When to use tail-based sampling for microservices
Use tail-based sampling when you need guaranteed retention of every error trace, latency outlier, or business-critical request — and probabilistic head-based rates are silently dropping the failures you need to debug.
Context and when it matters
Head-based sampling commits a keep/drop decision at the first span of a request, before the outcome is known. At a 1–5 % probabilistic rate, failures that occur at sub-0.1 % frequency are statistically invisible: the sampler discards the trace before any ERROR status propagates through the span tree. This is the defining operational threshold for adopting tail-based sampling — the point where probability guarantees break down and deterministic post-hoc retention becomes necessary.

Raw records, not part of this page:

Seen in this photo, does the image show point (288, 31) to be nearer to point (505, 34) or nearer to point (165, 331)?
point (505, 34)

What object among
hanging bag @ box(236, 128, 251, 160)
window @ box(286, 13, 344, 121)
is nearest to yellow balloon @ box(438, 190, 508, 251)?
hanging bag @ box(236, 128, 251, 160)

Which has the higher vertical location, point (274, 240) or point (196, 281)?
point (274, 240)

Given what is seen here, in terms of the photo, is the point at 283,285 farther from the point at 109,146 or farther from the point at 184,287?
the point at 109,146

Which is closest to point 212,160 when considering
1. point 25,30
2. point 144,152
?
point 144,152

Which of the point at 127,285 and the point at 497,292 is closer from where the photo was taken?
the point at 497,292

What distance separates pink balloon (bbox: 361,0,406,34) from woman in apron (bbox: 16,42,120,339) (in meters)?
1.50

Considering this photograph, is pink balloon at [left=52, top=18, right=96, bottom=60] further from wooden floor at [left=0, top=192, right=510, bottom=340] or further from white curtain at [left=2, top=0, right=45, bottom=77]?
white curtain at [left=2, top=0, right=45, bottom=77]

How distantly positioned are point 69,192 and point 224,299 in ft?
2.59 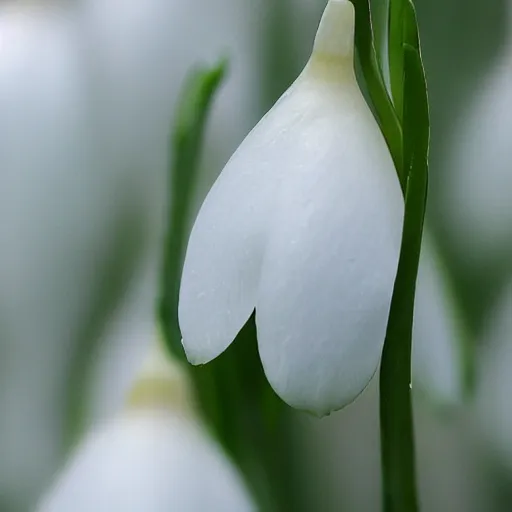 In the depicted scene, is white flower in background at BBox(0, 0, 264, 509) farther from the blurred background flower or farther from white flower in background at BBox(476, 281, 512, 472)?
white flower in background at BBox(476, 281, 512, 472)

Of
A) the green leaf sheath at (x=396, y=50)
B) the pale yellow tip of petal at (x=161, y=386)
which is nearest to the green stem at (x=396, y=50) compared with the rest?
the green leaf sheath at (x=396, y=50)

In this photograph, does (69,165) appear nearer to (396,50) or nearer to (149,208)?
(149,208)

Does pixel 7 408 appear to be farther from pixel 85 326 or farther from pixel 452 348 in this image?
pixel 452 348

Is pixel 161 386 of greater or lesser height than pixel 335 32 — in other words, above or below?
below

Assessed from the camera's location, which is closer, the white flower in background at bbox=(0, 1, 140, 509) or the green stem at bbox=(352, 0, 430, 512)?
the green stem at bbox=(352, 0, 430, 512)

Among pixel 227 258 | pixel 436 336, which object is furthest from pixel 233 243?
pixel 436 336

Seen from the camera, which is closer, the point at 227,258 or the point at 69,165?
the point at 227,258

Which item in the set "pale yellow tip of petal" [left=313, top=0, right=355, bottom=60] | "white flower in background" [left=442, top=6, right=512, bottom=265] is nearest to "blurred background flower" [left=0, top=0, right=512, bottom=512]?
"white flower in background" [left=442, top=6, right=512, bottom=265] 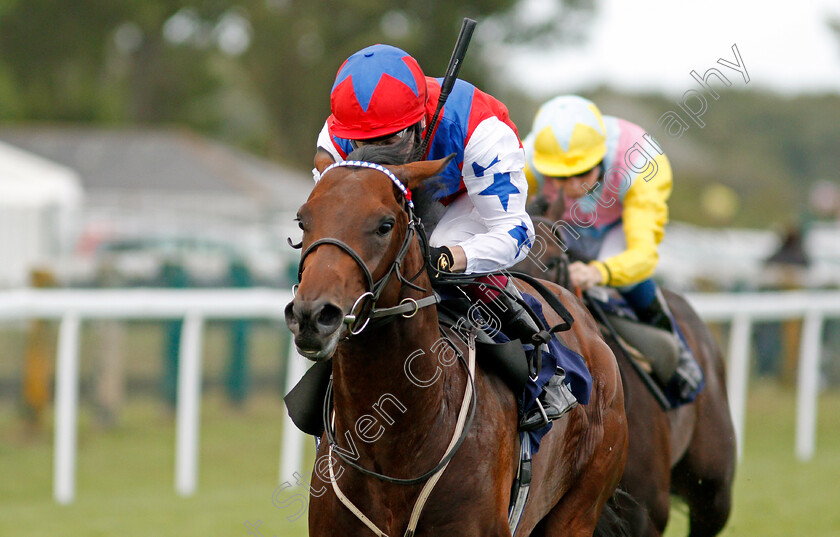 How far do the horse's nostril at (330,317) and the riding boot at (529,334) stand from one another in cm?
93

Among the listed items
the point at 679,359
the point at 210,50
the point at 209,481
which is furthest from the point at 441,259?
the point at 210,50

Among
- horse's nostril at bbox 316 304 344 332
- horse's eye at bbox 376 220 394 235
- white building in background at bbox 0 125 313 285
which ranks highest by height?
horse's eye at bbox 376 220 394 235

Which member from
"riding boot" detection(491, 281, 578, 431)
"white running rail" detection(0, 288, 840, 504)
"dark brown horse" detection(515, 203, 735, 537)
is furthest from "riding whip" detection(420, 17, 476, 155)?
"white running rail" detection(0, 288, 840, 504)

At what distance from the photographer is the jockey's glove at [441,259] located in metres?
2.69

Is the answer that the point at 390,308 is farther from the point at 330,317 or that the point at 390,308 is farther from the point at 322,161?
the point at 322,161

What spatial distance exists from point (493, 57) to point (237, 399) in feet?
78.5

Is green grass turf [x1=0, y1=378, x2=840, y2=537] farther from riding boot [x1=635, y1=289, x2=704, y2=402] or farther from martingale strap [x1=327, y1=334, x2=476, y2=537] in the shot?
martingale strap [x1=327, y1=334, x2=476, y2=537]

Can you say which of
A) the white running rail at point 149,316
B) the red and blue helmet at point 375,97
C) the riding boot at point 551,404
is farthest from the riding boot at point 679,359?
the red and blue helmet at point 375,97

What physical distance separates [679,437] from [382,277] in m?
2.36

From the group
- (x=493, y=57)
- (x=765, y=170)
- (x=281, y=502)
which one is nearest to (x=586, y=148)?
(x=281, y=502)

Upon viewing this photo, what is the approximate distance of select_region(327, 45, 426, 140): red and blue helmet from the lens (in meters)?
2.56

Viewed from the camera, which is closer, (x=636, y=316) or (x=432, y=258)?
(x=432, y=258)

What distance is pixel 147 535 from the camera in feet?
16.8

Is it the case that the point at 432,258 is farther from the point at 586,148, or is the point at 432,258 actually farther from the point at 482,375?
the point at 586,148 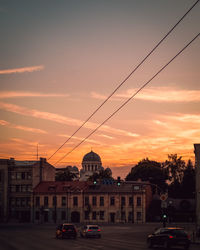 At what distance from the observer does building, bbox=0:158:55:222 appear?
331 ft

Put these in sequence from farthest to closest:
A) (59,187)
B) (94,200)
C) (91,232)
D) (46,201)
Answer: (59,187), (46,201), (94,200), (91,232)

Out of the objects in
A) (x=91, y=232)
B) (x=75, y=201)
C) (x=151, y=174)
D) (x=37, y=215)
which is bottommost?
(x=37, y=215)

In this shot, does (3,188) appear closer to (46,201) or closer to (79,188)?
(46,201)

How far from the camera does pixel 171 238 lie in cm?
2977

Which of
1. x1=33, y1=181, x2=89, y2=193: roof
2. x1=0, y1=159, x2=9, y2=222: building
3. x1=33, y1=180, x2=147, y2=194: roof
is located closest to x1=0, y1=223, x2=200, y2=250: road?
x1=33, y1=180, x2=147, y2=194: roof

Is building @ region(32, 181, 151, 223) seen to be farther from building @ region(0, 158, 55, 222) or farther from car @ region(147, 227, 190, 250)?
car @ region(147, 227, 190, 250)

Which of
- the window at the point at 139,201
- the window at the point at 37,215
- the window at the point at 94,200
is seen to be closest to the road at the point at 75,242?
the window at the point at 139,201

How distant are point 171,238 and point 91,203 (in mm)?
69264

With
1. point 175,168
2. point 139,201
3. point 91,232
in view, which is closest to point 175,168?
point 175,168

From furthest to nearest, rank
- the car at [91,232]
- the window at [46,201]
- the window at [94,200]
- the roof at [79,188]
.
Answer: the window at [46,201] → the window at [94,200] → the roof at [79,188] → the car at [91,232]

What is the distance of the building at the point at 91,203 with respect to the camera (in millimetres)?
96062

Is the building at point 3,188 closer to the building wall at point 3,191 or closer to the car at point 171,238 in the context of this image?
the building wall at point 3,191

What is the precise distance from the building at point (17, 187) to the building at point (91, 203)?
2.52 meters

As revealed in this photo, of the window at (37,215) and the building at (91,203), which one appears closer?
the building at (91,203) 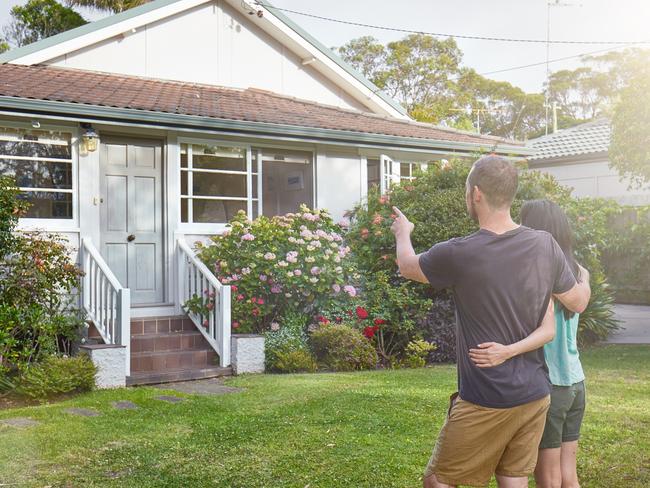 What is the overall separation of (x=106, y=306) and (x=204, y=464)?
457cm

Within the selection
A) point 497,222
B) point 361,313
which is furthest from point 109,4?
point 497,222

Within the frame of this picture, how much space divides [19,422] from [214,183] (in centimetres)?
552

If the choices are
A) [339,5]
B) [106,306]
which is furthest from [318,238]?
[339,5]

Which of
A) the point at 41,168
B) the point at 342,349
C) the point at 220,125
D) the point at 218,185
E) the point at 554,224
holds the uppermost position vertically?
the point at 220,125

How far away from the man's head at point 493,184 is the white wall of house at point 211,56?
1046cm

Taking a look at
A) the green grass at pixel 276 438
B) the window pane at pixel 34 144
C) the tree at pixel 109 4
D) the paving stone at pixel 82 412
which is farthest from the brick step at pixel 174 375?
the tree at pixel 109 4

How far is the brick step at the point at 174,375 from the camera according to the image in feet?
27.5

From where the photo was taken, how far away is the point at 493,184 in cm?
289

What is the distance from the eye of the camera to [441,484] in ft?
9.49

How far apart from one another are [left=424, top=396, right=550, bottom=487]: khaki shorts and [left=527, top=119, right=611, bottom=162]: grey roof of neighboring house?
21.9 meters

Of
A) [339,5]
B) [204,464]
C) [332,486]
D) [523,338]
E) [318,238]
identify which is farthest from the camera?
[339,5]

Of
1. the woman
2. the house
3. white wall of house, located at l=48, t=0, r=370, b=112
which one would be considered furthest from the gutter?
the woman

Tail-based sampling moves the decision to a collector-side buffer. Every span for a given trace_id is held in memory during a configurable decision_wait window (typically 30–60 seconds). Once the window closes, explicit policies evaluate the complete trace and commit only the traces that match retention rules. The cost is bounded in-memory overhead and an added decision latency; the benefit is 100 % retention of the traces that matter for root-cause analysis.
Head-based vs tail-based: side-by-side comparison
| Dimension | Head-based | Tail-based |
|---|---|---|
| Decision point | First span, before outcome is known | Collector, after all spans arrive |
| Error retention guarantee | None — low-rate errors are dropped statistically | 100 % of ERROR spans if policy is set |
| P99 latency outlier capture | None — slow traces dropped at same rate as fast ones | Guaranteed — latency policy applied to full trace |
| Memory overhead | Stateless — negligible | In-memory buffer: ~1–2 GB per 10 K traces/sec at 30 s window |
| Decision latency added | Zero | decision_wait window (30–60 s typical) |
| Config complexity | Low — single SDK sampler | Medium — collector pipeline + ordered policy list |
| Async boundary handling | Fragile — independent samplers break trace continuity | Robust — all spans correlated before decision |
| Best for | High-volume, low-severity background traffic | Error-critical, SLO-gated, or compliance-scoped workloads |
Implementation: OpenTelemetry Collector tail sampling configuration
The tail_sampling processor in the OpenTelemetry Collector evaluates policies strictly top-to-bottom; the first matching policy wins. Ordering matters: place deterministic rules before the probabilistic fallback.
processors:
tail_sampling:
# Buffer window for trace completion.
# 30 s is standard; raise to 60 s for high-latency async hops.
decision_wait: 30s
# Max concurrent traces held in the decision cache.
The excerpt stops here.